The mitochondrial protein MTP18 contributes to mitochondrial fission in mammalian cells


Daniel Tondera, Frank Czauderna, Katharina Paulick, Rolf Schwarzer, Jörg Kaufmann, and Ansgar Santel*
* Author for correspondence (e-mail: santel{at}atugen.com)

Mitochondria are dynamic organelles that change morphology by controlled fission and fusion events. Mitochondrial fission is regulated by a conserved protein complex assembled at the outer membrane. Human MTP18 is a novel nuclear-encoded mitochondrial membrane protein, implicated in controlling mitochondrial fission. Upon overexpression of MTP18, mitochondrial morphology was altered from filamentous to punctate structures suggesting excessive mitochondrial fission.
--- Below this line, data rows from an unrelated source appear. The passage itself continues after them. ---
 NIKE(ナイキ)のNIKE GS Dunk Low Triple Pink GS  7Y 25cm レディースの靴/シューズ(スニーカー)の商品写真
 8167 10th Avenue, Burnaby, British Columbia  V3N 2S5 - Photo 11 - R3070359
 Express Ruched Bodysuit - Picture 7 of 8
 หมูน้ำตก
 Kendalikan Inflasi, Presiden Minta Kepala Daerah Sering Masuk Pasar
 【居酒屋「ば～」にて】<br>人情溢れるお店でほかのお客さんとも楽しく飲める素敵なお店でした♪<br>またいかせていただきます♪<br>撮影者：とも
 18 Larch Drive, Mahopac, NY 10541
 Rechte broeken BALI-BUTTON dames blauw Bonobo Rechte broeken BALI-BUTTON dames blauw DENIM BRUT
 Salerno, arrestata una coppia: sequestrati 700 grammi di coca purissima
Mitochondrial fragmentation was blocked in cells coexpressing either the mitochondrial fusion protein Mfn1 or Drp1K38A, a dominant negative version of the fission protein Drp1. Also, a loss-of function of endogenous MTP18 by RNA interference (RNAi) resulted in highly fused mitochondria. Moreover, MTP18 appears to be required for mitochondrial fission because it is blocked after overexpression of hFis1 in cells with RNAi-mediated MTP18 knockdown. In conclusion, we propose that MTP18 functions as an essential intramitochondrial component of the mitochondrial division apparatus, contributing to the maintenance of mitochondrial morphology.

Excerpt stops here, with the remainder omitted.